Winsorize

I am wondering if any data is Winsorized or truncated? This includes raw data and data computed by P123.

https://en.wikipedia.org/wiki/Winsorizing

Thanks!

Vineeta,

You might take a look at ZScore and see if “outlier_trim” does what you are looking for—or close enough for your purposes.

-Jim

Our industry aggregates are truncated, 16.5% of the population on either tail. We describe it as a “fat median”.

If you want to roll your own, the Aggregate function – which pretty much reveals the industry aggregate code for end-user use – lets you Winsorize and/or truncate.

Aggregate("MktCap",#all,#avg,16.5,#Winsor,FALSE,TRUE,TRUE)

So breaking this down, the quoted string is what is being acted upon. In this case, it’s getting market cap. (My examples are rarely imaginative.)

The #all is the population that you’re acting upon. In this case, #all is the entire universe.

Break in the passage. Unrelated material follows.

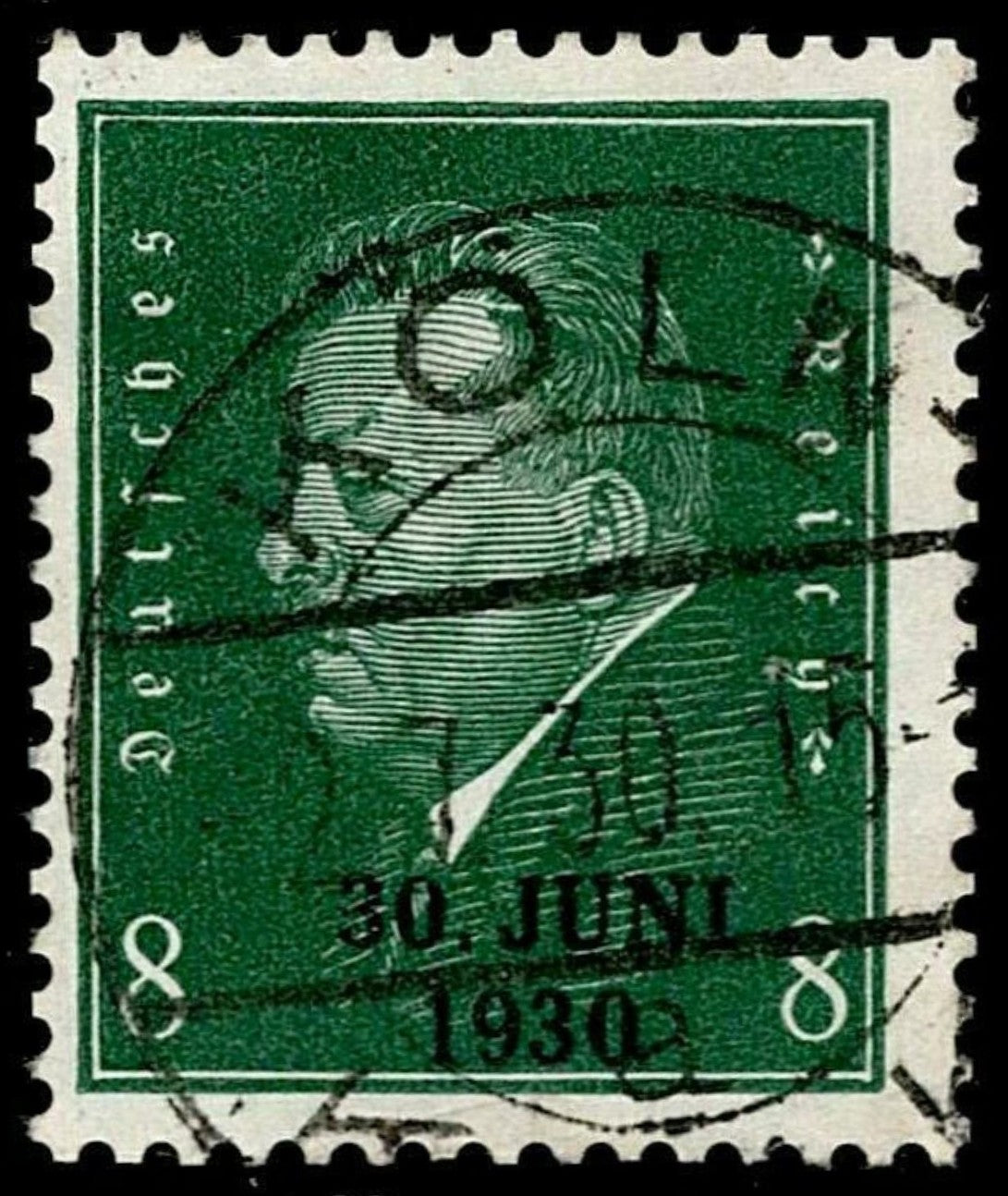 SCG1589 - Germany 1933 – Hindenburg 8 Pf Green with June 30, 1930 Cancel (Used)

Other common things to put in there are #sector and #industry, both of which are pretty self-explanatory. The MOST common thing I put in there, though, is #previous, which means that it will act only upon those stocks that have passed the prior rules in a screen. (It’s synonymous with #all as the first rule.)

The #avg means to take the simple mean. You can also use #CapAvg, which will market-cap weight the average.

The next parameter, 16.5, is the elimination of outliers at either tail in percentage points.

You can Winsorize with the #Winsor parameter. The other option is #Exclude, the default, which just eliminates anything at either end of the tail.

In order, the next three are exclude zeroes, exclude ADRs, and median fallback. The first will drop all zeroes from the calculation – for fields like dividend yield or total debt, where you’d probably like to do that. Exclude ADRs…excludes ADRS. And median fallback is for cases where the industry is so small that the elimination is problematic. The one that I always use as an example for that is Air Freight and Logistics (GICS code 203010), which has only 19 companies.

Everything after the scope (#all) is optional. The defaults are 16.5, #exclude, FALSE, TRUE, and FALSE.

Thanks Jim, Paul!